EXERCISE REQUIREMENTS: Drop every picture, then transcribe the remaining data exactly.

GIVEN INFORMATION:
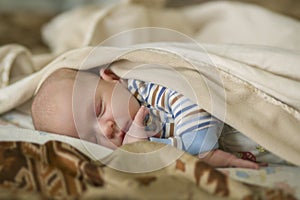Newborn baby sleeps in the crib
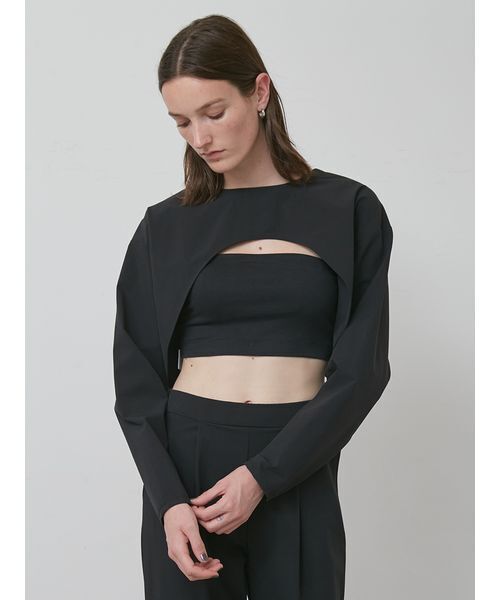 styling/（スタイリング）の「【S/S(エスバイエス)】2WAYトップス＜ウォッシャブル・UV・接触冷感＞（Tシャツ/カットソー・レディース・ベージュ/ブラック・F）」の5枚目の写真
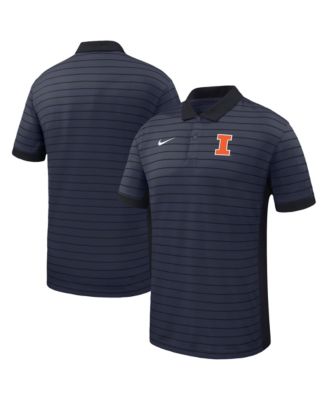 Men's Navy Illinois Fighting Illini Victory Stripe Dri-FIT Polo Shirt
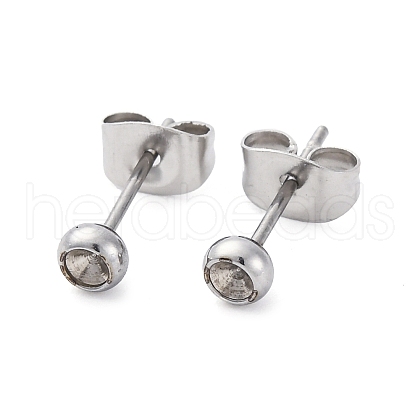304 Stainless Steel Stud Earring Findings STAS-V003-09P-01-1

RESPONSE TO THIS EXERCISE:
Newborn baby sleeps in the crib
 styling/（スタイリング）の「【S/S(エスバイエス)】2WAYトップス＜ウォッシャブル・UV・接触冷感＞（Tシャツ/カットソー・レディース・ベージュ/ブラック・F）」の5枚目の写真
 Men's Navy Illinois Fighting Illini Victory Stripe Dri-FIT Polo Shirt
304 Stainless Steel Stud Earring Findings STAS-V003-09P-01-1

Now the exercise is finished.